Stored entries:
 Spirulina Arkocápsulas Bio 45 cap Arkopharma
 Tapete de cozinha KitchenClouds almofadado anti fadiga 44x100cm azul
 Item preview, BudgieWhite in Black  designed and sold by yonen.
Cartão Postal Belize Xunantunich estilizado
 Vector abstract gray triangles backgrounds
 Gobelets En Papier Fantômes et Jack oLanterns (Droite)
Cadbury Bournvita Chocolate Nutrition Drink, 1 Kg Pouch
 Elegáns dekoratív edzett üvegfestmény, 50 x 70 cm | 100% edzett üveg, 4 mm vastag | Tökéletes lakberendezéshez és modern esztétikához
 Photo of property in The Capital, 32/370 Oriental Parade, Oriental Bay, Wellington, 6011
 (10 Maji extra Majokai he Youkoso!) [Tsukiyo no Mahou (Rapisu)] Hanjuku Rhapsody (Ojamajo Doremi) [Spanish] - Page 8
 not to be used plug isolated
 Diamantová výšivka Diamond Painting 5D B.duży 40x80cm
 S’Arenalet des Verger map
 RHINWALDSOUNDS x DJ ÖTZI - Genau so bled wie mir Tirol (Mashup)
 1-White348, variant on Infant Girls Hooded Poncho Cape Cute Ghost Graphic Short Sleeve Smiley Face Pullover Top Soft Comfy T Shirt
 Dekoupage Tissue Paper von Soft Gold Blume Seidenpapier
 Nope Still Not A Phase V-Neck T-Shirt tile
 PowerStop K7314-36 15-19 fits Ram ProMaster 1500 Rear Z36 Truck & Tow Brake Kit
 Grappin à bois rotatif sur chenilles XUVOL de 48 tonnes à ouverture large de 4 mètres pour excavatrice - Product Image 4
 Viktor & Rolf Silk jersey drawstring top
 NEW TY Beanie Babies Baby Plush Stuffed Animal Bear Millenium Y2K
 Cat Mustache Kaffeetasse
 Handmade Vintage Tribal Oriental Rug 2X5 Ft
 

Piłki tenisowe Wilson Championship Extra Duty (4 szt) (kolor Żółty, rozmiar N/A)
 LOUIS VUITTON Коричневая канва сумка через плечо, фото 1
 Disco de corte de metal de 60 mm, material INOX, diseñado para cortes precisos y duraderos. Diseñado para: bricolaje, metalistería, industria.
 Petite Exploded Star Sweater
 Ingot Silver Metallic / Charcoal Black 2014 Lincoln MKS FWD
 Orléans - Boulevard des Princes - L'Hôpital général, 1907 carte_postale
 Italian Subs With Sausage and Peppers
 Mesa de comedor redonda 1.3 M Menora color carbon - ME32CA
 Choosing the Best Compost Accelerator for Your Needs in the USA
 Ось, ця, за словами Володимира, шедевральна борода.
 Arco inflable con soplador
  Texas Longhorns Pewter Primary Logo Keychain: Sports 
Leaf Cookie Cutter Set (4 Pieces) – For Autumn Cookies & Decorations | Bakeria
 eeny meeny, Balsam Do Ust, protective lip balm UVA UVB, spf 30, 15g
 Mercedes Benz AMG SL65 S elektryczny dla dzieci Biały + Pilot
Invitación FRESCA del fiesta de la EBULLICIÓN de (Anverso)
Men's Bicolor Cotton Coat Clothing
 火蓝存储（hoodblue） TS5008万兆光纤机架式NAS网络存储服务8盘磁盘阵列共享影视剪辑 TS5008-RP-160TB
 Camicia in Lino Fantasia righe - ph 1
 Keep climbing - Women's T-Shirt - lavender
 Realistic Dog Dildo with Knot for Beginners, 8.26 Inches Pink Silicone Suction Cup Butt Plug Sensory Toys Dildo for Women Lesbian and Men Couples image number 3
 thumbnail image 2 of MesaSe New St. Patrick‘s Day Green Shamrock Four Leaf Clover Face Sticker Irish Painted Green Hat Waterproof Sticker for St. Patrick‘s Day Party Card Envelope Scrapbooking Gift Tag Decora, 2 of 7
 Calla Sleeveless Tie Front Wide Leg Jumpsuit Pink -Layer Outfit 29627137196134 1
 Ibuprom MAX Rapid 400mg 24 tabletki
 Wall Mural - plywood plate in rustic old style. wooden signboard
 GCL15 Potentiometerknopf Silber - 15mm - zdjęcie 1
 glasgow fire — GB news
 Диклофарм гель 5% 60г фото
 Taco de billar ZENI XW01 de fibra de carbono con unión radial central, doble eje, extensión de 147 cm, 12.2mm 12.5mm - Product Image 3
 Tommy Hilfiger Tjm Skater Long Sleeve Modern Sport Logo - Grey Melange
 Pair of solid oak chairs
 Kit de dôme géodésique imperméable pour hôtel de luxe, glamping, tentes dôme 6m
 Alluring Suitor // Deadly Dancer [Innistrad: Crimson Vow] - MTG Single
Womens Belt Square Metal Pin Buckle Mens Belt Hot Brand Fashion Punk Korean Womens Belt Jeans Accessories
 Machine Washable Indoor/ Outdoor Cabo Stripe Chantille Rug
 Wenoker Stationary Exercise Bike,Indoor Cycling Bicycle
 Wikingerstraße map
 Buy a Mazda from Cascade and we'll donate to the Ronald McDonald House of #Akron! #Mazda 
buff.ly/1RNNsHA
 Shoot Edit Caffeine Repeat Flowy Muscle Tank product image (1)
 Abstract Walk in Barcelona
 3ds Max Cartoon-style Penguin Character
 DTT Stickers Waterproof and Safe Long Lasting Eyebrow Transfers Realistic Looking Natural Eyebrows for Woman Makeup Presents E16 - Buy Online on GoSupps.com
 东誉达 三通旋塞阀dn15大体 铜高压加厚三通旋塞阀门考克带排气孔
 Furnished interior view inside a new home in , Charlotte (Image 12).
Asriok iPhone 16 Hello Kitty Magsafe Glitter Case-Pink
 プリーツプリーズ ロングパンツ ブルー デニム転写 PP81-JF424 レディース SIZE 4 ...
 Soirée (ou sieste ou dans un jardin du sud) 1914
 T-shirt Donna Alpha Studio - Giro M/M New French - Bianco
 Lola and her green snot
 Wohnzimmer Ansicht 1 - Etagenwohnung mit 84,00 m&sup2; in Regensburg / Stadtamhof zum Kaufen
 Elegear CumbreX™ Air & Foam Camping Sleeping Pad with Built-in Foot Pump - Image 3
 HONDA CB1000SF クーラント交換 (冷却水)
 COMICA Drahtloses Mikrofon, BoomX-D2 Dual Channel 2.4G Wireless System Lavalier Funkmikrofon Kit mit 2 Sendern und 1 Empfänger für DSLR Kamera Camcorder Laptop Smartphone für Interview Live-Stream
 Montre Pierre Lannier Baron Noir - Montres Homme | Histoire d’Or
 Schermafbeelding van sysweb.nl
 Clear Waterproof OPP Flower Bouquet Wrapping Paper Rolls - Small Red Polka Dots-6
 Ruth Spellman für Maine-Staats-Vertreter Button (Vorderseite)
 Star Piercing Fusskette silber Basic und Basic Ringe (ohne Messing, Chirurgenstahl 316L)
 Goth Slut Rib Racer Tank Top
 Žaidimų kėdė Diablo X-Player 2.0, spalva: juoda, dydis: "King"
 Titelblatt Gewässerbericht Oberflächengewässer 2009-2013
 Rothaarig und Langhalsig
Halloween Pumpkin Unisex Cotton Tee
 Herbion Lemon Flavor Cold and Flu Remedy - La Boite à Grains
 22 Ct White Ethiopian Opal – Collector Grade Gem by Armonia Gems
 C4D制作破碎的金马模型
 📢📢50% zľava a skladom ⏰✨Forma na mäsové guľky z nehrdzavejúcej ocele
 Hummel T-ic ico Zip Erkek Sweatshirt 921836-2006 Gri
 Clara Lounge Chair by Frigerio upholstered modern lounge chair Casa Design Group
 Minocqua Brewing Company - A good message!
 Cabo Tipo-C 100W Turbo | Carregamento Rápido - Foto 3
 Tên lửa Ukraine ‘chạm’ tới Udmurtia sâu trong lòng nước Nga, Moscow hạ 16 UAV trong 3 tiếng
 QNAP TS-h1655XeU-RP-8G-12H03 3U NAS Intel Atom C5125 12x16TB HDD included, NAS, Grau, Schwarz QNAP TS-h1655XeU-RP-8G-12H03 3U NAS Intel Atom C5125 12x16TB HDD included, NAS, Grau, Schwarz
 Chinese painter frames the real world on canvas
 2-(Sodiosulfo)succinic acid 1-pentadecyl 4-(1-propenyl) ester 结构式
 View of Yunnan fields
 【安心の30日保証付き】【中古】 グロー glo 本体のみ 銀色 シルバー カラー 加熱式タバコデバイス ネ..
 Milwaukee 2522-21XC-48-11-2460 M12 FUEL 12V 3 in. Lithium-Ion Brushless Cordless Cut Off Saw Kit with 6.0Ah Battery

-- REQUIRED WORK --
Reproduce, exactly as they stand in the data above, the lines from the one that holds "Rothaarig und Langhalsig" to the one that holds "Cabo Tipo-C 100W", inclusive.

-- ANSWER FOR THE TASK --
 Rothaarig und Langhalsig
Halloween Pumpkin Unisex Cotton Tee
 Herbion Lemon Flavor Cold and Flu Remedy - La Boite à Grains
 22 Ct White Ethiopian Opal – Collector Grade Gem by Armonia Gems
 C4D制作破碎的金马模型
 📢📢50% zľava a skladom ⏰✨Forma na mäsové guľky z nehrdzavejúcej ocele
 Hummel T-ic ico Zip Erkek Sweatshirt 921836-2006 Gri
 Clara Lounge Chair by Frigerio upholstered modern lounge chair Casa Design Group
 Minocqua Brewing Company - A good message!
 Cabo Tipo-C 100W Turbo | Carregamento Rápido - Foto 3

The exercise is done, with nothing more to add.